The most accurate clock available is referred to as a Reference clock or a Stratum 0 clock source. This level of clock accuracy is not available over a network and is only located in a few world locations as this type of source is extremely expensive. A Stratum 1 clock source is the most accurate network source available, and is usually directly connected to a Stratum 0 clock. Each time a network clock signal traverses down another branch of the tree, it loses a single Stratum of clock accuracy. So, if a computer within a network obtains its clock from a Stratum 1 source, its clock would be considered a Stratum 2 time source and so on up to a maximum of a Stratum 15 (Stratum 16 is equivalent to no external clock at all). On a typical network, no network device should be using a source that is lower than a Stratum 3 source.
Figure 1 shows a visual representation of the Stratum hierarchy.
Figure 1 Stratum hierarchy example
As mentioned in the introduction, NTP is a protocol used on networks to maintain clock time. Most modern PCs are pre-configured to use common trusted Internet clocks to synchronize clock time without many people even knowing. NTP uses IP (or IPv6) to synchronize the clocks of a network (specifically UDP port 123), and is probably one of the most underused protocols on many small- to medium-sized networks. The implementation of NTP is very simple on LAN-based networks and is not overly complex to configure on WAN networks; often the problem is familiarity. With Cisco adding NTP to the CCNA exams, knowledge of NTP should become a requisite skill for all new network engineers.
There are two different main ways to configure NTP: poll-based and broadcast-based. On poll-based NTP implementations, devices are specifically configured with the addresses of the time sources that they will use as their clock source; these addresses are then polled on regular intervals to ensure accurate (or at least synchronous) time. When using a broadcast-based NTP implementation, the NTP servers send out broadcasts of the NTP clock; listening NTP clients are then able to use this information to synchronize their clocks.

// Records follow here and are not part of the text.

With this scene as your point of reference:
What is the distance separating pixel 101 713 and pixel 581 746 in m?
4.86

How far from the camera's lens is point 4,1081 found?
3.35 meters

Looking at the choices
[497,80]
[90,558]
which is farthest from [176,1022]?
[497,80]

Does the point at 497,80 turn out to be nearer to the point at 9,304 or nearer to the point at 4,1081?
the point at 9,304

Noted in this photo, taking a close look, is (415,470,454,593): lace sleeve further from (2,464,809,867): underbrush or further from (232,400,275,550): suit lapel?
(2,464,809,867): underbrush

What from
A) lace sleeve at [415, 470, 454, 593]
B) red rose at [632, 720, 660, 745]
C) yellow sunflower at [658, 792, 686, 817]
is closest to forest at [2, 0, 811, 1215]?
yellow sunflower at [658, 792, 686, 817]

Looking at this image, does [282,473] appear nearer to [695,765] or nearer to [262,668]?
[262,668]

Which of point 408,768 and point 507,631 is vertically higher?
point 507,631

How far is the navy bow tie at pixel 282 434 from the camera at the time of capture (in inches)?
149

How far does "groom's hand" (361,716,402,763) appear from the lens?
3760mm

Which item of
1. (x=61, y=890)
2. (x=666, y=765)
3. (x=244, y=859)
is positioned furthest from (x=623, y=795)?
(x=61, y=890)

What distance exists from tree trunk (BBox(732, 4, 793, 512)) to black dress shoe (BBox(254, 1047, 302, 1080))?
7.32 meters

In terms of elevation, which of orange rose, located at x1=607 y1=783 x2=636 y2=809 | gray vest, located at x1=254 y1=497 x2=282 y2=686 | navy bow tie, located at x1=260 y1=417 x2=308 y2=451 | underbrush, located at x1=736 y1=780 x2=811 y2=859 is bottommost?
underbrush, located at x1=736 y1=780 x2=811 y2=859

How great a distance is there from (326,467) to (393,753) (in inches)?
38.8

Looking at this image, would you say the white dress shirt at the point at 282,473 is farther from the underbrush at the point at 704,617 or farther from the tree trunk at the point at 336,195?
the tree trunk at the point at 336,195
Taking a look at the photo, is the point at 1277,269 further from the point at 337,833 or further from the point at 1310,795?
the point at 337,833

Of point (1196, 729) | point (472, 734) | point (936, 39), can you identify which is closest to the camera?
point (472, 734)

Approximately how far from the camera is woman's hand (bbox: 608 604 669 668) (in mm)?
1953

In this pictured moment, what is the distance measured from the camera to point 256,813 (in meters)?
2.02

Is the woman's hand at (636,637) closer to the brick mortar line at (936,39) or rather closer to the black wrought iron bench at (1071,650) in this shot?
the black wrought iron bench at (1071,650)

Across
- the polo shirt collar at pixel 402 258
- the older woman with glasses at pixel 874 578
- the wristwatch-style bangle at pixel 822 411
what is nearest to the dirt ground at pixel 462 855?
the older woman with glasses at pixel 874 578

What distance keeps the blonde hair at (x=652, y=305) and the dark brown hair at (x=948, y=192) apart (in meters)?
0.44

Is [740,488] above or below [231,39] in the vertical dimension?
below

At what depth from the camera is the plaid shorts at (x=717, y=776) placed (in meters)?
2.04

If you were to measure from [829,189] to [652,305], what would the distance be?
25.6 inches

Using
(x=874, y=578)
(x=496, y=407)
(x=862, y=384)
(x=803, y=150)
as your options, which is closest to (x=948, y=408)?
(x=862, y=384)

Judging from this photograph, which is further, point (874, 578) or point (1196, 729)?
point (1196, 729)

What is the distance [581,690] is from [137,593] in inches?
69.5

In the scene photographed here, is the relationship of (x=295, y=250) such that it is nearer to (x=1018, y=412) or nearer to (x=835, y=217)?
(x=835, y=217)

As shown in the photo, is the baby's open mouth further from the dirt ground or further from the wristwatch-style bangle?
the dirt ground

Poll-based NTP implementations are also split into two additional modes of operation: client (only) mode and symmetric active mode. When in NTP client mode, a device is tasked with requesting and receiving time from an NTP server; the NTP server will ignore any time related information sent from the client. When in NTP symmetric active mode, a device is tasked with both requesting time from an NTP server and responding to time requests from configured peers; in this scenario, the configured peers work together to obtain the best time should a known authoritative source go unreachable.
One issue that needs to be addressed early for those learning NTP is that the security of the NTP system is vital. If a rouge clock source was able to penetrate into a network, it enables attackers the ability to alter vital systems clocks and thus make correlating illegal activity almost impossible (just imagine attempting to match up surveillance time codes or server activity logs).

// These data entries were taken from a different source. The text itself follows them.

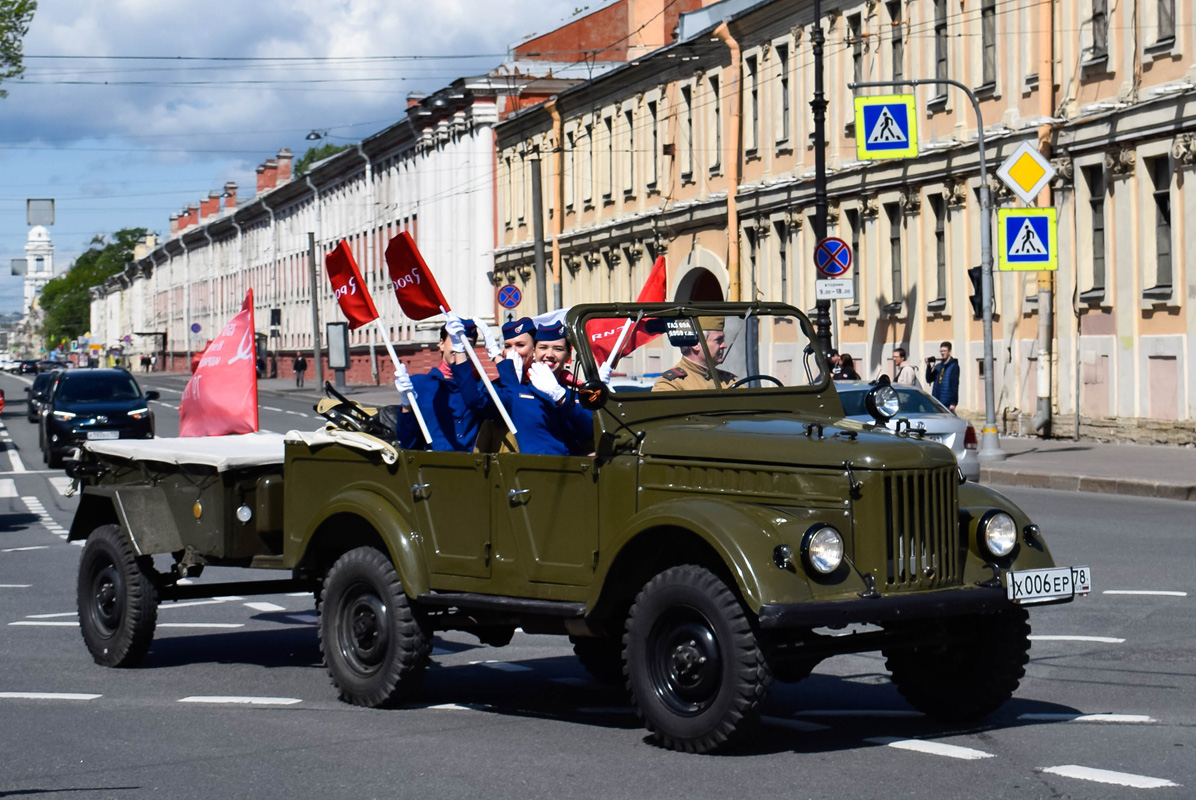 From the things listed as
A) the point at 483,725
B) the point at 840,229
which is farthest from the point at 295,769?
→ the point at 840,229

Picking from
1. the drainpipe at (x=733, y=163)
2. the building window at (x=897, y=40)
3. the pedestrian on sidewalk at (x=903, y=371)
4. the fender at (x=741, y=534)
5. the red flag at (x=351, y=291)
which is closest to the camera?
the fender at (x=741, y=534)

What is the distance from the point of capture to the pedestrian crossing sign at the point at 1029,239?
83.9 ft

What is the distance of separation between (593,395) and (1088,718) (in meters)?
2.52

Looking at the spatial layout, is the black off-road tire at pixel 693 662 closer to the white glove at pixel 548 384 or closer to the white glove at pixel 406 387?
the white glove at pixel 548 384

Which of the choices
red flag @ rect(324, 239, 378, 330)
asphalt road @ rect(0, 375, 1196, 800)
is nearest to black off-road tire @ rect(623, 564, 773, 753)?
asphalt road @ rect(0, 375, 1196, 800)

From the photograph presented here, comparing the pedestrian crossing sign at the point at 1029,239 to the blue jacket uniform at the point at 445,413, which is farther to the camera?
the pedestrian crossing sign at the point at 1029,239

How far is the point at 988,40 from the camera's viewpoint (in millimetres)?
34438

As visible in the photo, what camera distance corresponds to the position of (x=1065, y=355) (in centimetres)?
3155

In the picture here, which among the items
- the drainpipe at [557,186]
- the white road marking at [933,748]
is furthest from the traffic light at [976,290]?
the drainpipe at [557,186]

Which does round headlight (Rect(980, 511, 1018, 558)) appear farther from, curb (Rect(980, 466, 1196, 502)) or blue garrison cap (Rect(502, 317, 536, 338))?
curb (Rect(980, 466, 1196, 502))

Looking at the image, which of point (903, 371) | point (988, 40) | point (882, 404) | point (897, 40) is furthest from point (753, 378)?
point (897, 40)

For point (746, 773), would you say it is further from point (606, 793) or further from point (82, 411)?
point (82, 411)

Cisco offers a number of different methods of securing NTP including NTP access groups (in combination with configured access lists) and NTP authentication. Every publically accessible NTP deployment should at very least be isolated with access-lists to ensure rouge internal or external clocks can’t be inserted into the NTP time hierarchy.
It is almost impossible to find any large-scale enterprise that does not use NTP within their infrastructure (and if you can you really have to wonder about their network management). Where clock synchronization seems to be implemented less is in small- and medium-sized networks where the network management either is not familiar with how NTP works or does not see their network as big enough to require its use. In either case, it very important for any network engineer/administrator to implement NTP to ensure accurate clocks, not only to greatly improve the effectiveness and speed of troubleshooting, but to also ensure that if any security incident does happen to the network, it can be accurately tracked and investigated.

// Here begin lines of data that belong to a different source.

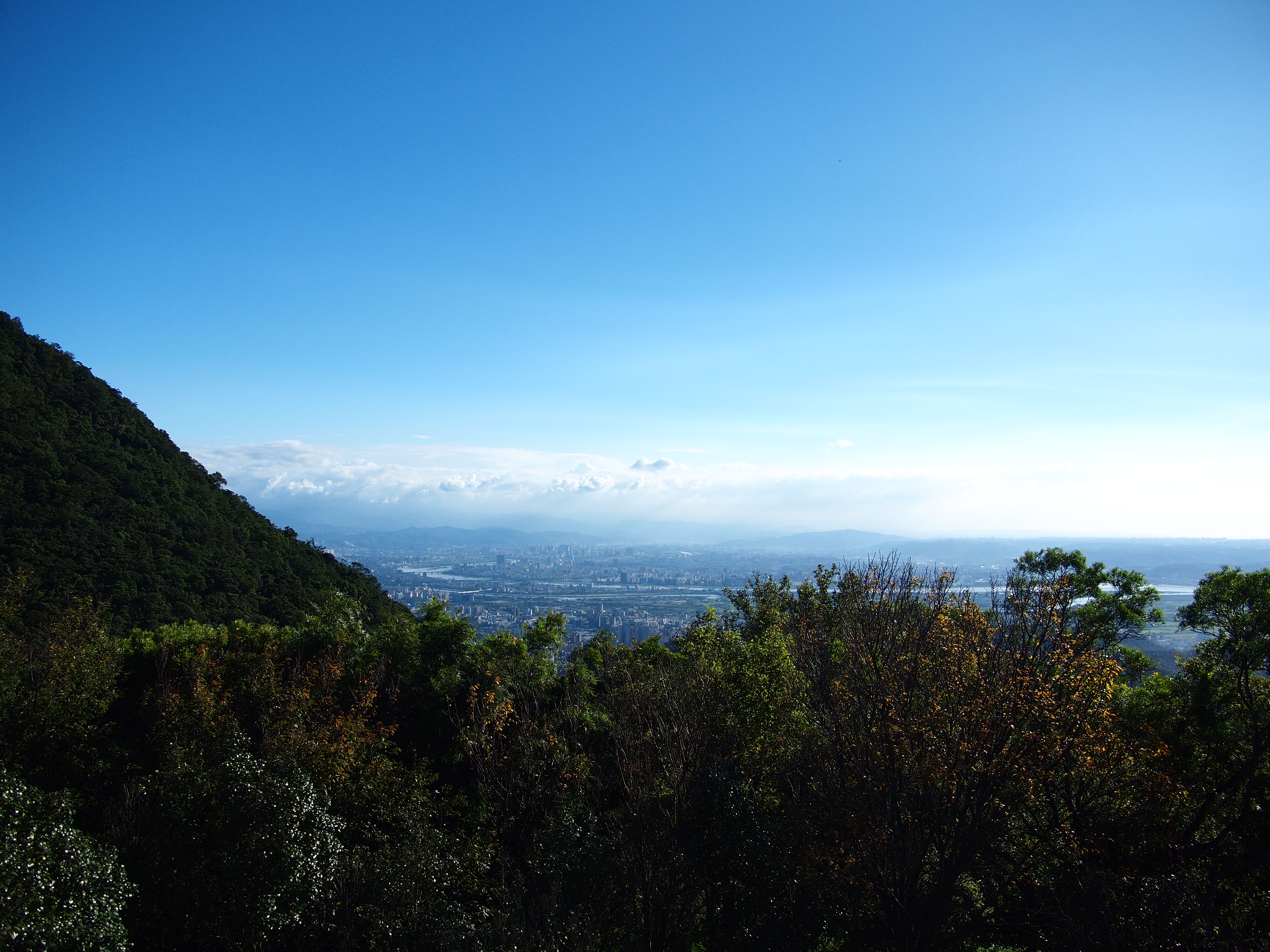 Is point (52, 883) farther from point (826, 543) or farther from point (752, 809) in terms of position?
point (826, 543)

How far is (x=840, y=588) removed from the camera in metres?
14.9

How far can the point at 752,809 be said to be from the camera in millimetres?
9836

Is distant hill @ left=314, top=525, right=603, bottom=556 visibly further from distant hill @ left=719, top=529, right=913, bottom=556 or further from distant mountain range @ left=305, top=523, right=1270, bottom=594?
distant hill @ left=719, top=529, right=913, bottom=556

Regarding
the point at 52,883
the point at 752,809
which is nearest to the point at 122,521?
the point at 52,883

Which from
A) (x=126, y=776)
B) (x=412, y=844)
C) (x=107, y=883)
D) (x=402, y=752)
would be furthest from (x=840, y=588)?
(x=126, y=776)

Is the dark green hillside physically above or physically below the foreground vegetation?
above

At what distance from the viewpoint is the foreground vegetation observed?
331 inches

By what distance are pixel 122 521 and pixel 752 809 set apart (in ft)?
103

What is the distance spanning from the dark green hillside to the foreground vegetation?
13.3 metres

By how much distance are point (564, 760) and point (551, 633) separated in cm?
574

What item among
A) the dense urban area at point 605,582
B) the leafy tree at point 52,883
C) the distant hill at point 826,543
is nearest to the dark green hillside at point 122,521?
the dense urban area at point 605,582

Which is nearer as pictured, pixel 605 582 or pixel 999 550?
pixel 999 550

The next article in this series will cover the configuration of NTP, and it will show that this configuration is not overly complex and can be done without requiring any additional funding with only the functionality that is built into all Cisco routers (and most of their other devices). I hope that in reading this article, you will be motivated to look into the possibilities that exist with NTP and how easy it really is to configure it within a Cisco (as well as most other vendors) networks.